START Exercise input

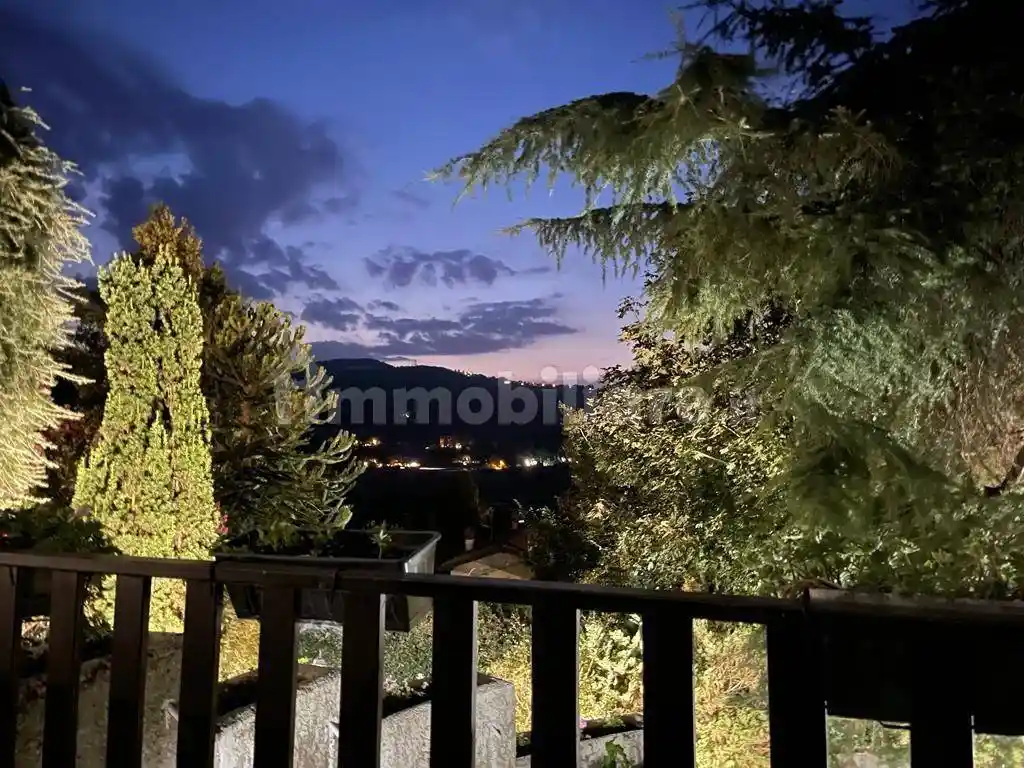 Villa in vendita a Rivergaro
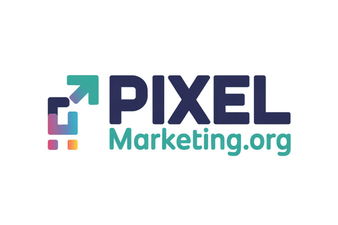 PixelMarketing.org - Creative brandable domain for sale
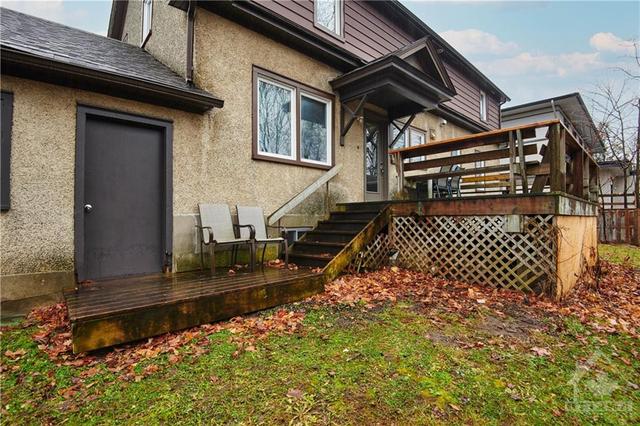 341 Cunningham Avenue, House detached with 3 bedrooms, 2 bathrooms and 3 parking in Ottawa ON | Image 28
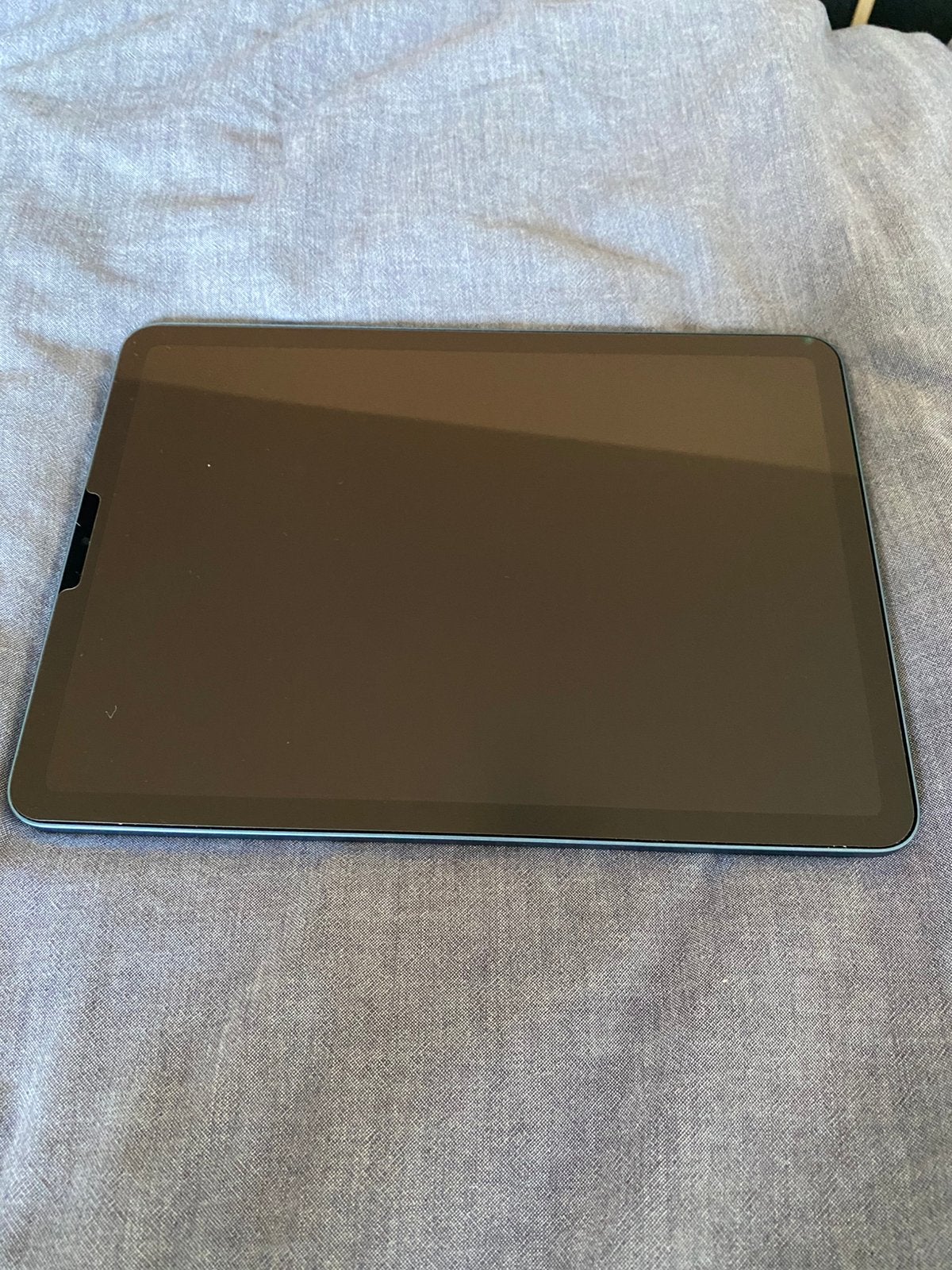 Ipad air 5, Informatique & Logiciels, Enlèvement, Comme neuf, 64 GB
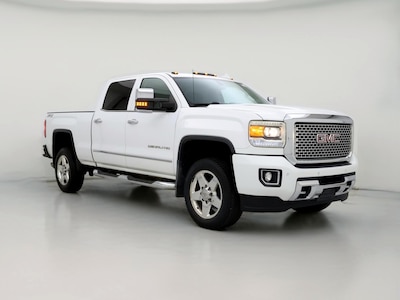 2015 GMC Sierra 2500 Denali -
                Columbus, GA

END Exercise input
START Exercise input

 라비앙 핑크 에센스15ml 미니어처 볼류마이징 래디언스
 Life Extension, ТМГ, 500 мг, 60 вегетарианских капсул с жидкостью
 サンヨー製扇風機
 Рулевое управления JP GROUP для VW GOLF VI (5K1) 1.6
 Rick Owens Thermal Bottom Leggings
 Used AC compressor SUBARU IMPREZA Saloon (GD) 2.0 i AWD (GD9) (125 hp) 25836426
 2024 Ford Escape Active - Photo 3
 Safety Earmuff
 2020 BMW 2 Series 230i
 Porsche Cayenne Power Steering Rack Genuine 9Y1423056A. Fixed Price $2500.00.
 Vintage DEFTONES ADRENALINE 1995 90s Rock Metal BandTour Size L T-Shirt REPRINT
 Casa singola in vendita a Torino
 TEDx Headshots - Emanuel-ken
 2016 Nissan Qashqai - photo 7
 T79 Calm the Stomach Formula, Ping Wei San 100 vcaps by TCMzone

END Exercise input

→ Exercise goal: With the pictures omitted, restate word for word the lines above from the line that has "Villa in vendita a Rivergaro" up to and including the line that has "Columbus, GA", and no other lines.

→ Exercise output:
 Villa in vendita a Rivergaro
 PixelMarketing.org - Creative brandable domain for sale
 341 Cunningham Avenue, House detached with 3 bedrooms, 2 bathrooms and 3 parking in Ottawa ON | Image 28
 Ipad air 5, Informatique & Logiciels, Enlèvement, Comme neuf, 64 GB
 2015 GMC Sierra 2500 Denali -
                Columbus, GA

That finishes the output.